If Iraq, new media, and the Sexual Revolution explain the rise of Trump, is immigration irrelevant? Not quite. What I think Trump and Hitler, along with countless other successful fomenters of ethnic hatred and violence that have stained the last century of human history, show, is that it’s pretty easy to stir up ordinary people– not all of them, but enough to fuel a powerful political movement– to hatred of a minority that was already disliked, just by talking a lot about them, and saying publicly the things that people had long taken a guilty pleasure in saying privately, but that good manners and decorum had mostly kept out of the public sphere. Ambient hatreds are the perennial low-hanging fruit of democratic politics, always available for a cynical politician with the right kind of media reach to stir up and ride to power. They provide a cheap kind of skin-deep solidarity that people discombobulated by technological and social change often find comforting. Long before Hitler’s Final Solution, a lazy-minded and casual anti-Semitism was widespread among European nationalists and intellectuals. Similarly, too many generally decent American politicians have said “we have to control our borders, but…” Barack Obama and Mitt Romney, to be sure, are less evil than Donald Trump, but by not saying clearly and resolutely that the law of the land is wrong, they were his accomplices. For existing laws, if not themselves challenged, denounced, and delegitimized, provide a baneful legitimacy to anti-immigrant hatred. One can demand a vast program of ethnic cleansing, millions of people seized and uprooted from their homes and sent away to lands they’ve scarcely seen, and say more or less truly that one only wants to see the law enforced.
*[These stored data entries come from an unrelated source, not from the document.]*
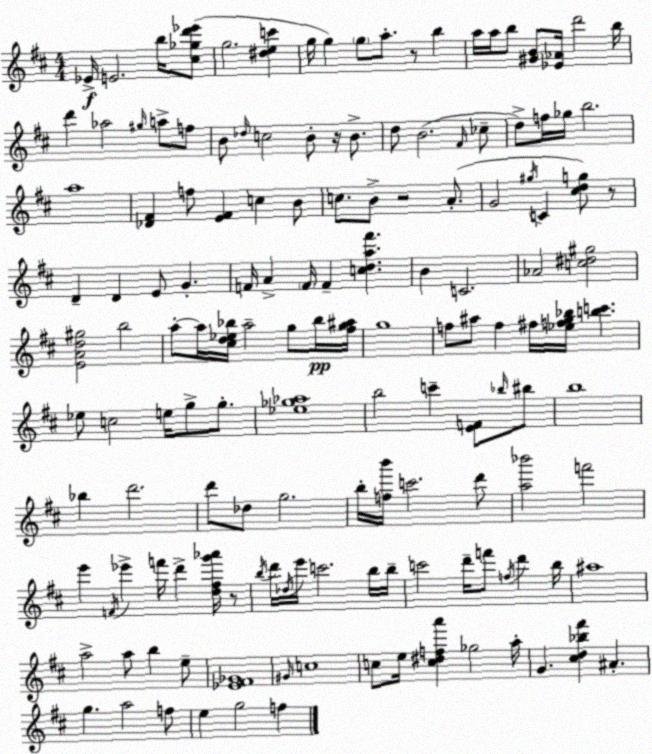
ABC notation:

X:1
T:Untitled
M:4/4
L:1/4
K:D
_E/4 E2 b/4 [^c_gd'_e']/2 g2 [^dec'] g/4 g g/2 a/2 z/2 b a/4 a/4 b/2 [^GB]/2 [_E_A]/4 d'2 b/4 d' _a2 ^g/4 a/2 f/2 B/2 _d/4 c2 B/2 z/4 B/2 d/2 B2 ^F/4 _c/2 d/2 f/4 _g/4 b2 a4 [_D^F] f/2 [E^F] c B/2 c/2 B/2 z2 A/2 G2 ^g/4 C [^cdg]/2 z/2 D D E/2 G F/4 A F/4 F [cda^f'] B C2 _A2 [c^d^g]2 [EAd^g]2 b2 a/2 a/4 [^cd_e_b]/4 a2 g/2 _b/4 [^fg^a]/4 g4 f/2 ^a/2 f ^f/4 [_efg_b]/4 [bc'] _e/2 c2 e/4 g/2 g/2 [_e_g_a]4 b2 c' [EF]/2 _b/4 ^b/2 b4 _b d'2 d'/2 _d/2 g2 b/4 [fb']/4 c'2 d'/2 [a_b']2 f'2 e' F/4 _e' f'/4 d' [d^fg'_a']/4 z/2 b/4 d'/4 _d/4 e'/4 c'2 b/4 b/4 c'2 d'/4 f'/2 f/4 d' b/4 ^a4 a2 a/2 b e/2 [_E^F_G]4 ^G/4 c4 c/2 e/4 [c^dfa'] _g2 a/4 G [^cd_b^f'] ^A g a2 f/2 e g2 f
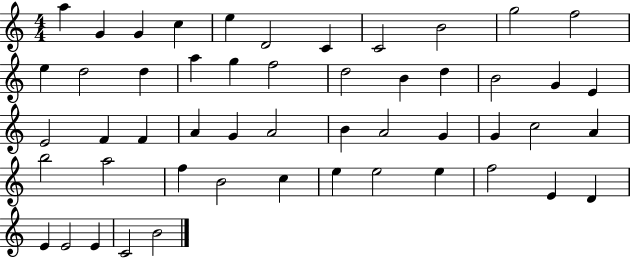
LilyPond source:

{
  \clef treble
  \numericTimeSignature
  \time 4/4
  \key c \major
  a''4 g'4 g'4 c''4 | e''4 d'2 c'4 | c'2 b'2 | g''2 f''2 | \break e''4 d''2 d''4 | a''4 g''4 f''2 | d''2 b'4 d''4 | b'2 g'4 e'4 | \break e'2 f'4 f'4 | a'4 g'4 a'2 | b'4 a'2 g'4 | g'4 c''2 a'4 | \break b''2 a''2 | f''4 b'2 c''4 | e''4 e''2 e''4 | f''2 e'4 d'4 | \break e'4 e'2 e'4 | c'2 b'2 | \bar "|."
}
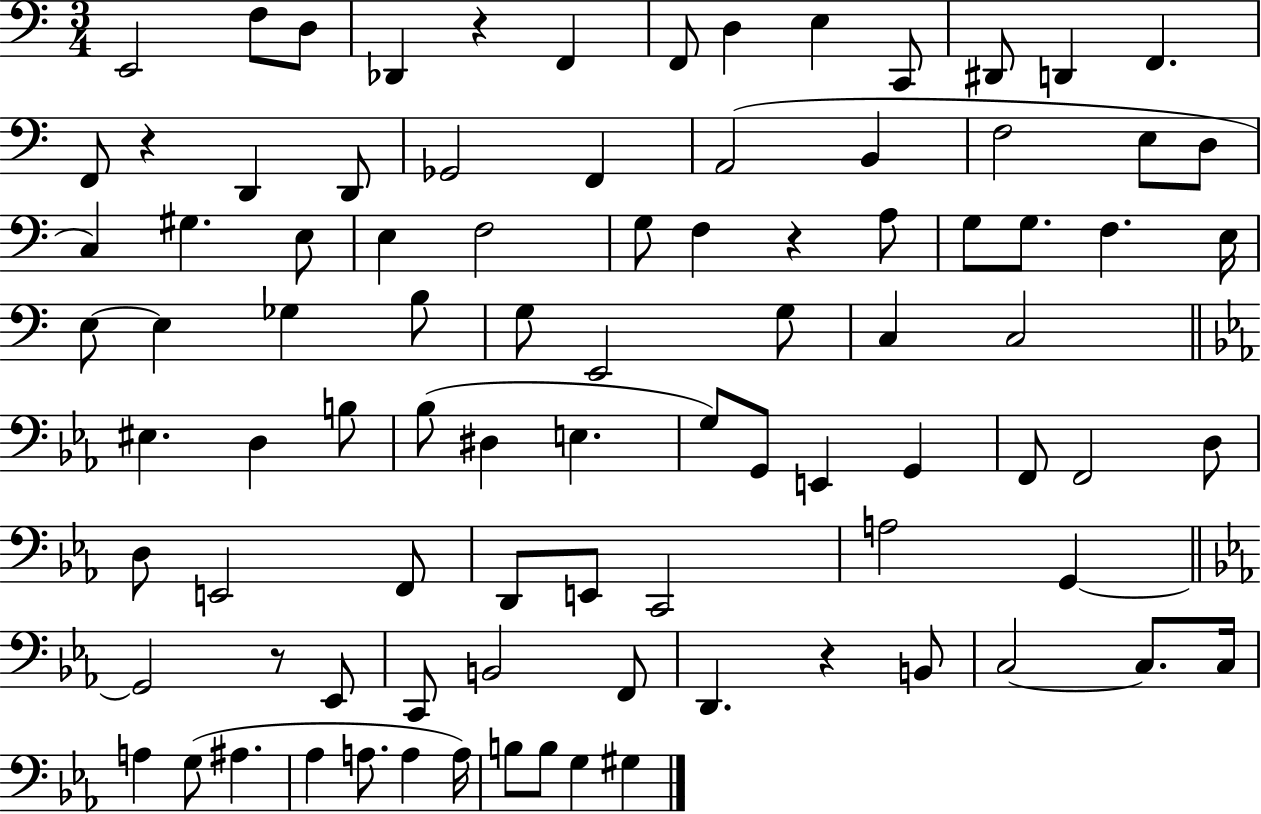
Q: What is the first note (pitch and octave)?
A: E2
“When the Nazis came for the communists, I remained silent,” Pastor Niemoller famously lamented. “I was not a communist. When they locked up the social democrats, I remained silent. I was not a social democrat. When they came for the trade unionists, I did not speak out. I was not a trade unionist. When they came for the Jews, I remained silent. I was not a Jew. When they came for me, there was no one left to speak out.” Yes. Human rights are the proper basis for solidarity, and only when we all react to the violation of anyone’s human rights as if the offenses were against ourselves, can we expect, or do we deserve, for our own human rights to be respected. First they came for the immigrants. Year after year, hundreds of thousands have been deported, and many more lived in fear. Many otherwise decent, God-fearing Americans remained silent, because they were not immigrants. Now Donald Trump, carried to national prominence as an anti-immigration leader, along with his pet media, threaten all our liberties. Right now, they are going after Clinton, conducting the election as a kind of show trial, concocting phony scandals and threatening her with jail. If they win, who’s next? Bill Clinton? Ted Cruz? Ben Sasse? Democrats generally? Open borders advocates like myself? To Trump, anyone who opposes him at all is an idiot, a loser, a criminal. Expect the show trials to continue.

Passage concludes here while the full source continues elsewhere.